WHAT IS EXPECTED: Pull out of the data below the stretch of lines bounded by the one containing "Олигонуклеотидные праймеры, флуоресцентный" and the one containing "岱勒新材：持股5%以上股东杨辉煌计划减持不超过390万股", both bounds included, unchanged.

SUPPLIED MATERIAL:
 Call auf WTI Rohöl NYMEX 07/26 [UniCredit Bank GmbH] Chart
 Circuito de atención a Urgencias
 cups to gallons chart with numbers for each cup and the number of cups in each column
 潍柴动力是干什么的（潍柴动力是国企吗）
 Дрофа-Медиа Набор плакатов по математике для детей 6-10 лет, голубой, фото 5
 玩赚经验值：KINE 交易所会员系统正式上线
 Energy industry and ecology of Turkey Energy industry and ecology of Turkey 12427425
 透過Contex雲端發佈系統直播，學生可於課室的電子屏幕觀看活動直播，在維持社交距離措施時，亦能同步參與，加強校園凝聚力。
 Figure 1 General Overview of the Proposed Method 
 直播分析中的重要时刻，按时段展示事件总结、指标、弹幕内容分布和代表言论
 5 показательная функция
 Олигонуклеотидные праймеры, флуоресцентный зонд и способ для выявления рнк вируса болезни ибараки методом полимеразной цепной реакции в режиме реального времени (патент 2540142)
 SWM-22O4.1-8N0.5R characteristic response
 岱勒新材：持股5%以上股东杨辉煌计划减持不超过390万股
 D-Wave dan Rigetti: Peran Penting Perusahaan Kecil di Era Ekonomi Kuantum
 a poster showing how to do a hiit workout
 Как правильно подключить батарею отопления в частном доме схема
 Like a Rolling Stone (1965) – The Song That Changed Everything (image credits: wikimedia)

RESPONSE:
 Олигонуклеотидные праймеры, флуоресцентный зонд и способ для выявления рнк вируса болезни ибараки методом полимеразной цепной реакции в режиме реального времени (патент 2540142)
 SWM-22O4.1-8N0.5R characteristic response
 岱勒新材：持股5%以上股东杨辉煌计划减持不超过390万股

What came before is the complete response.